#### ACTION ITEM
Your output must reproduce all the records below precisely and contain no pictures.

Items from a data source
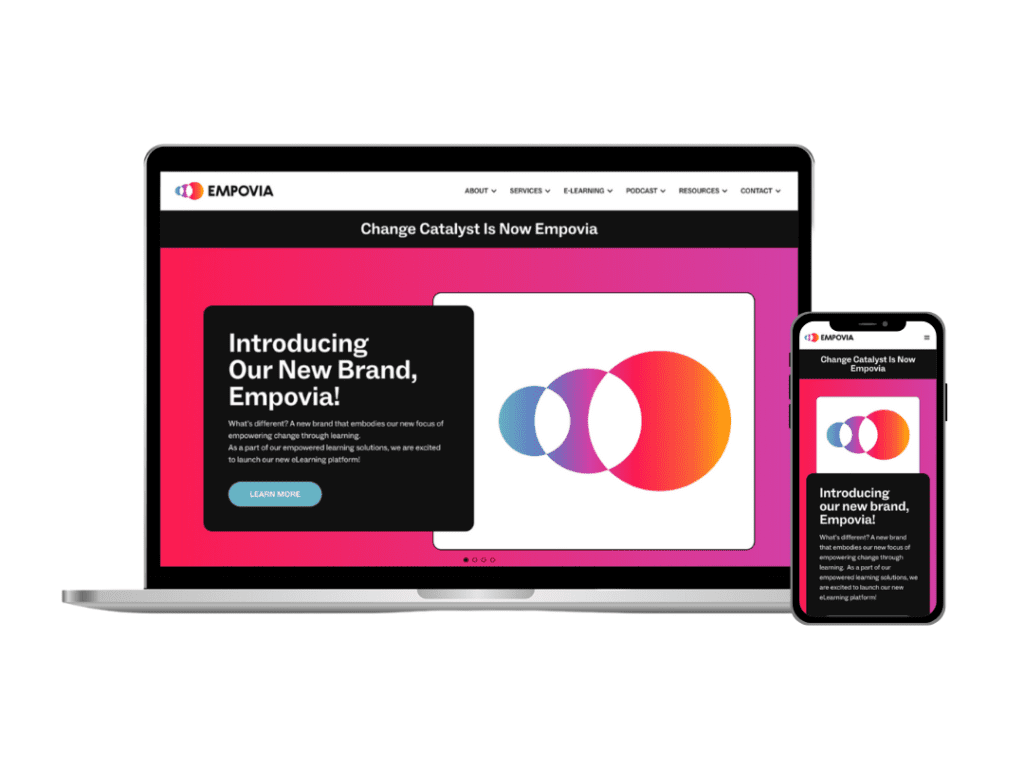 Mockup of the new Empovia website on a laptop and phone screen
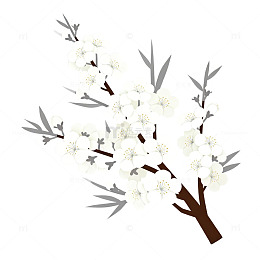 淡雅樱花插画设计素材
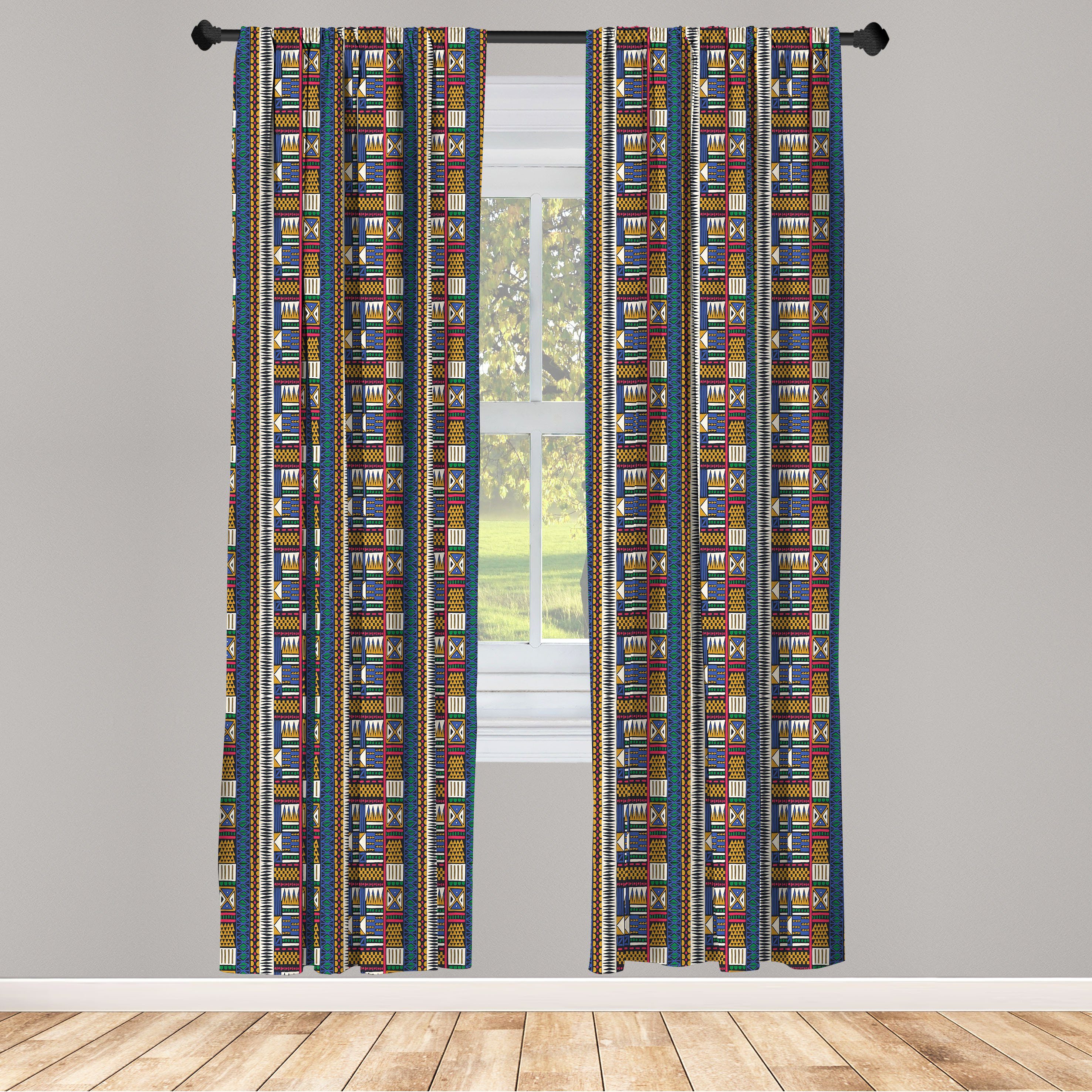 Gardine Vorhang für Wohnzimmer Schlafzimmer Dekor, Abakuhaus, Microfaser, Boho Tribal Motive Leuchtende Farben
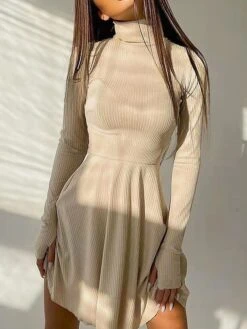 Women's Sweater Dress Jumper Dress Casual Dress Mini Dress Fashion Pure Color Outdoor Daily Vacation Going Out Turtleneck Long Sleeve Patchwork 2023 Loose Fit Pink Blue Brown S M L -Tesla Style vaponk1695643862230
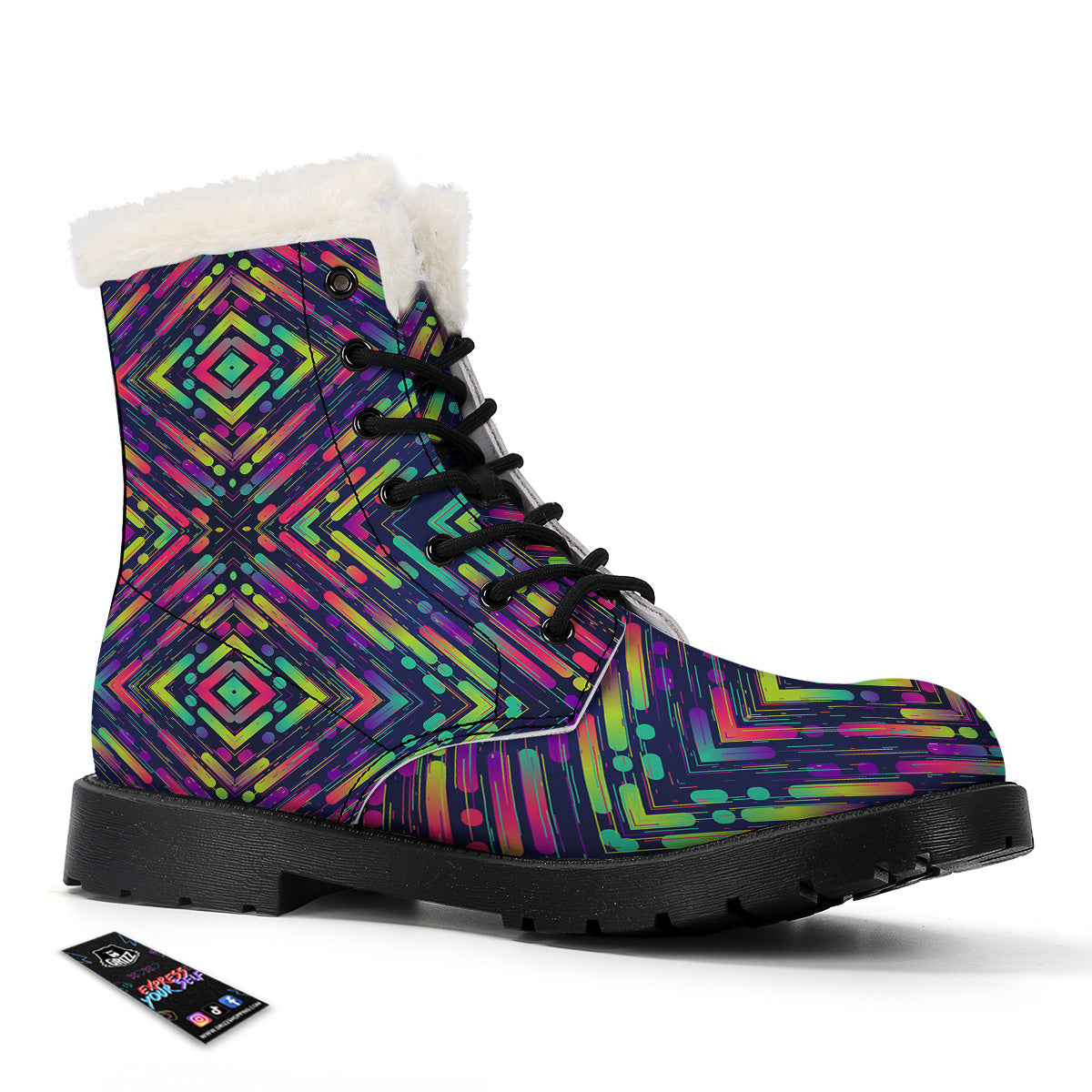 Abstract Neon Colorful Stripes Print Pattern Winter Boots-grizzshop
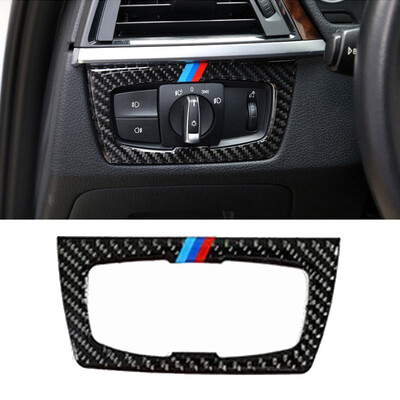 

1 Carbon Fiber Headlight Lamp Switch Button Cover Trim For BMW 34 Series 2018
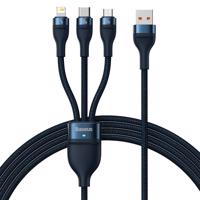 Kabel USB 3 v 1 Baseus Flash Series, USB-C + micro USB + Lightning, 100 W, 1,2 m (modrý) 033915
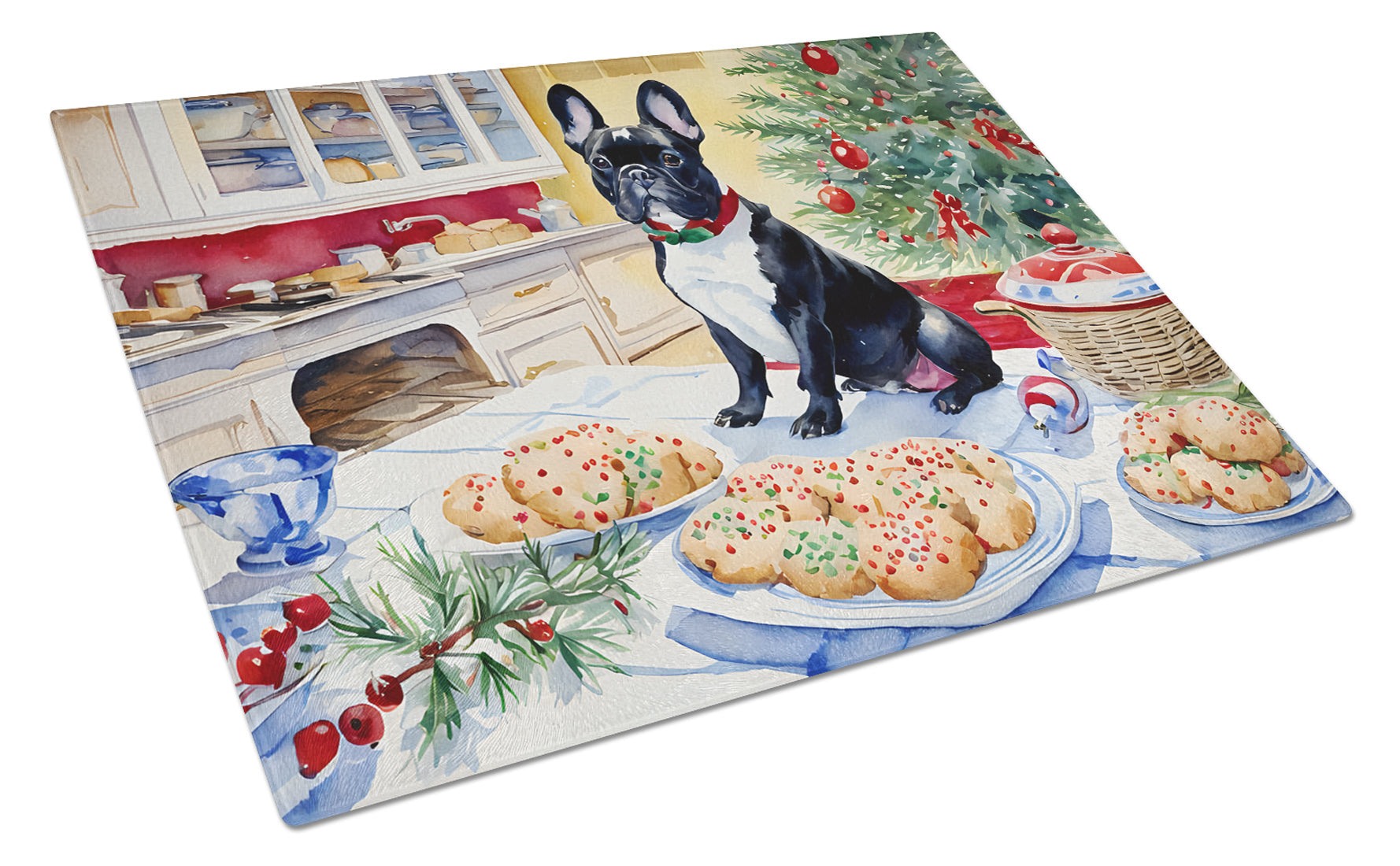 French Bulldog Christmas Cookies Cutting Board Tempered Glass Kitchen Cutting Surface, Heat Resistant Chopping, Non-Slip Feet, Food Prep & Serving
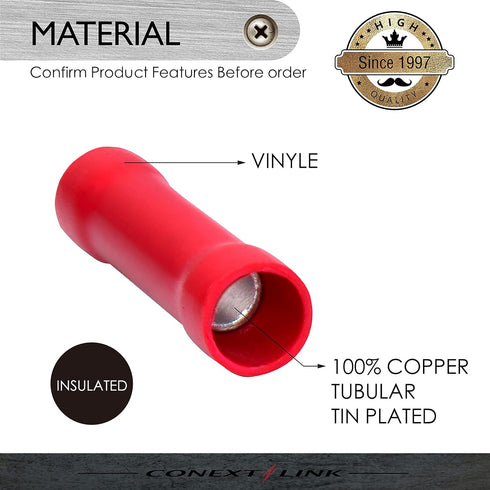 Conext Link BCV8-25 Vinyl Butt Connector 25 Pack (Red 8 Gauge) (17077) by Conext Link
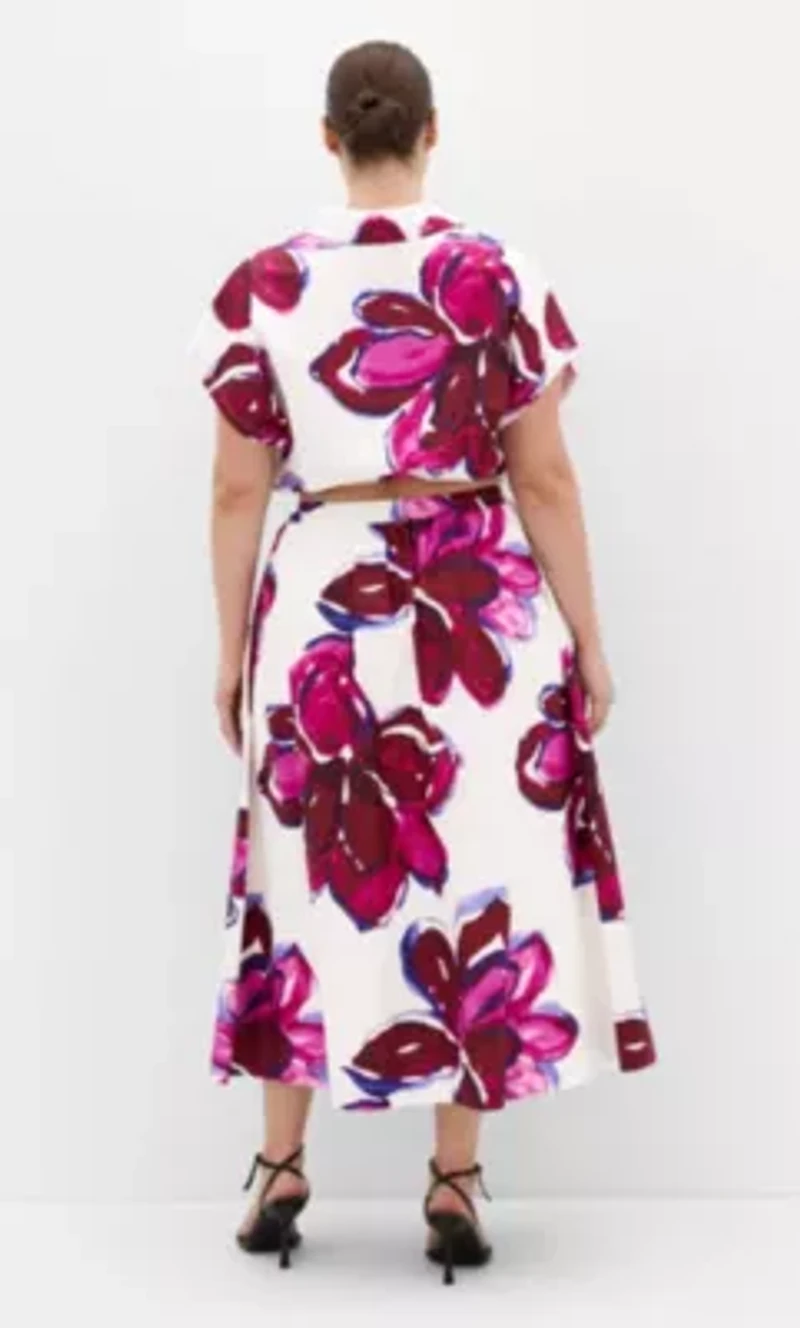 Holiday Bloom Print Midi Skirt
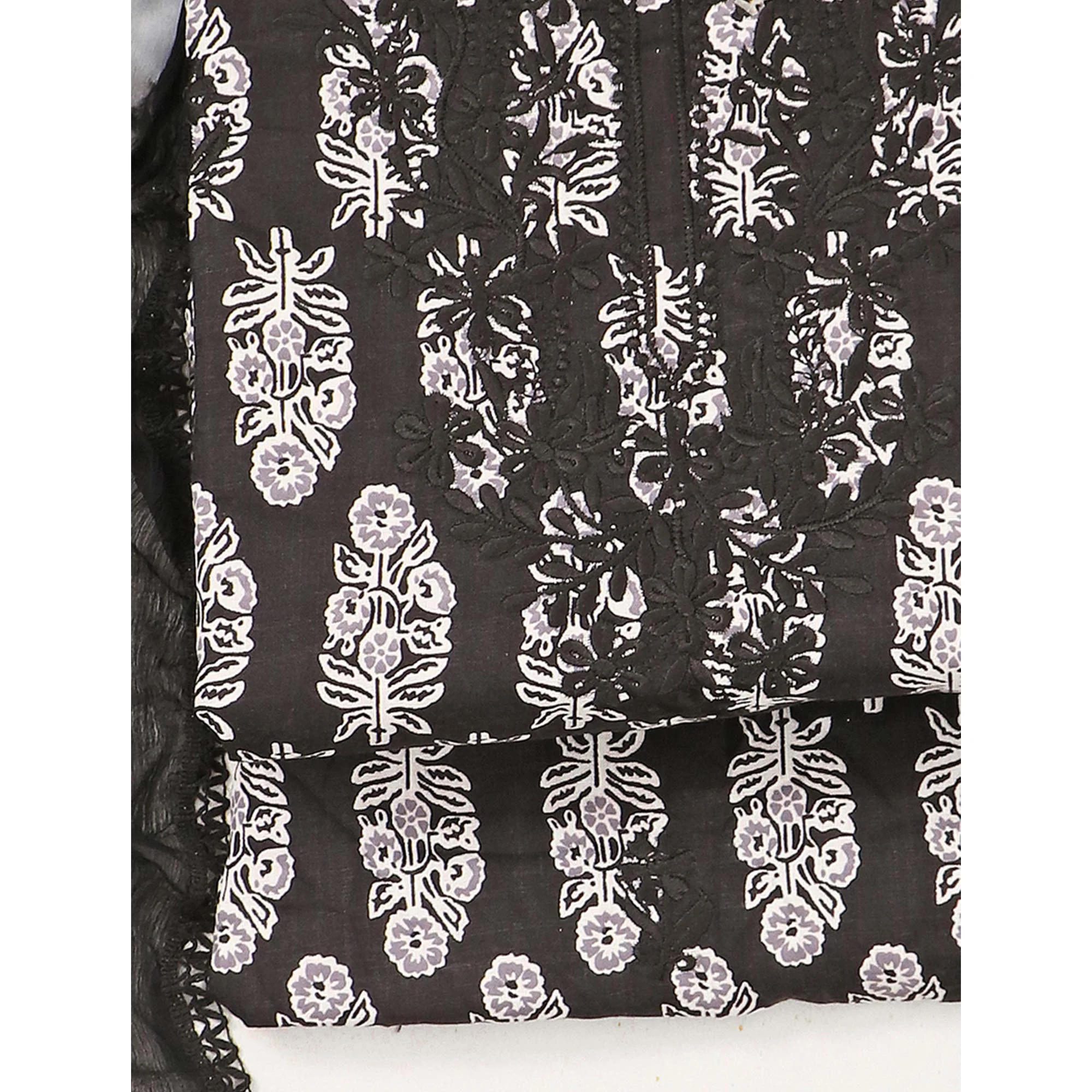 Black Printed With Embroidery Pure Cotton Dress Material - Image 5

#### WRITTEN REPLY
 Mockup of the new Empovia website on a laptop and phone screen
 淡雅樱花插画设计素材
 Gardine Vorhang für Wohnzimmer Schlafzimmer Dekor, Abakuhaus, Microfaser, Boho Tribal Motive Leuchtende Farben
 Women's Sweater Dress Jumper Dress Casual Dress Mini Dress Fashion Pure Color Outdoor Daily Vacation Going Out Turtleneck Long Sleeve Patchwork 2023 Loose Fit Pink Blue Brown S M L -Tesla Style vaponk1695643862230
 Abstract Neon Colorful Stripes Print Pattern Winter Boots-grizzshop

1 Carbon Fiber Headlight Lamp Switch Button Cover Trim For BMW 34 Series 2018
 Kabel USB 3 v 1 Baseus Flash Series, USB-C + micro USB + Lightning, 100 W, 1,2 m (modrý) 033915
 French Bulldog Christmas Cookies Cutting Board Tempered Glass Kitchen Cutting Surface, Heat Resistant Chopping, Non-Slip Feet, Food Prep & Serving
 Conext Link BCV8-25 Vinyl Butt Connector 25 Pack (Red 8 Gauge) (17077) by Conext Link
 Holiday Bloom Print Midi Skirt
 Black Printed With Embroidery Pure Cotton Dress Material - Image 5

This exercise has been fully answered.